Author

Emorie D Beck

Download .Rmd (won’t work in Safari or IE)
See GitHub Repository

For a much more exhaustive tutorial, see this.

Workspace

Packages

First let’s load in our packages. We’re going to load in a couple of extras (brms and tidybayes) that we haven’t used before. These will let us make some pretty plots later.

Code
library(psych)
library(knitr)
library(kableExtra)
library(lme4)
library(broom.mixed)
library(brms)
library(tidybayes)
library(plyr)
library(tidyverse)

data_path <- "https://github.com/emoriebeck/R-tutorials/raw/master"

Read in Data

The National Longitudinal Study of Youths 1979 Child and Young Adult Sample (NLSYCYA) is a longitudinal study conducted by the National Bureau of Labor Statistics. The sample includes the children of the original 1979 sample, of which we will use a small subset. Here, we are going to use a subset of the more than 11,000 variables available that include the following:

Item Name Description Time-Varying?
PROC_CID Participant ID No
Dem_DOB Year of Date of Birth No
groups Jail, Community Service, None No
DemPWeight Weight Percentile at age 10 No
age Age of participant Yes
Year Year of Survey Yes
age0 Age of participant (centered) Yes
SensSeek Sensation-Seeking Composite Yes
CESD CESD Depression Composite Yes
Code
load(url(sprintf("%s/11-ggplot-p3-mlm/data/sample.RData", data_path)))

sample_dat

Restructure Data

These data are already largely cleaned as that is not our focus today. We just need to do a little bit of restructuring.
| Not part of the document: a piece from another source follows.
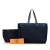 Hermès B Hermès Blue Dark Blue Canvas Fabric Herbag Cabas MM France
To run our models using purrr, we need to restrucutre the data to long. While we’re at it, we need to create a time variable centered at zero, so we can interpret our moderators later.

Code
(df1_long <- sample_dat %>%
  gather(key = trait, value = value, CESD, SensSeek, na.rm = T) %>%
   mutate(wave = year - 1996,
          age0 = age-16)) 

The Basic Growth Model

We’ll start with the basic growth model (just looking at change in a single variable over time).

we will use list columns to do it. We’ll start by using the group_by() and nest() functions from dplyr and tidyr to put the data for each trait into a cell of our data frame:

Code
(df1_nested <- df1_long %>%
  group_by(trait) %>%
  nest())

Now, our data frame is 2 x 2, with the elements in the second column each containing the data frame that corresponds to that trait. This makes it really easy to run our models using the map() family of unctions from purrr.

Before we fit the full growth model, we will first fit the unconditional model. Below, we will add a new column to our data frame that will contain the unconditional model for each trait.

In this case the model will be in the form of:
  • Level 1: \(Y_{ij} = \beta_{0j} + \varepsilon{ij}\)
  • Level 2:
    • \(\beta_{0j} = \gamma_{00} + U_{0j}\)
Code
(df1_nested <- df1_nested %>%
  mutate(fit0 = map(data, ~lmer(value ~ 1 + (1 | PROC_CID), data = .))))

Now we can see we have a new list column in our data frame called fit0 that contains an S4 class lmerMod, which simply means your growth model. To understand model, I personally find it easiest to visualize it. What this model is telling us is the mean across all observations as well as the between-person variability in that estimate.

Now, moving on to the growth model:

In this case the model will be in the form of:
  • Level 1: \(Y_{ij} = \beta_{0j} + \beta_{1j}*time_{ij} + \varepsilon{ij}\)
  • Level 2:
    • \(\beta_{0j} = \gamma_{00} + U_{0j}\)
    • \(\beta_{1j} = \gamma_{10} + U_{1j}\)
Code
(df1_nested <- df1_nested %>%
  mutate(fit2 = map(data, ~lmer(value ~ 1 + age0 + (age0 | PROC_CID), data = .))))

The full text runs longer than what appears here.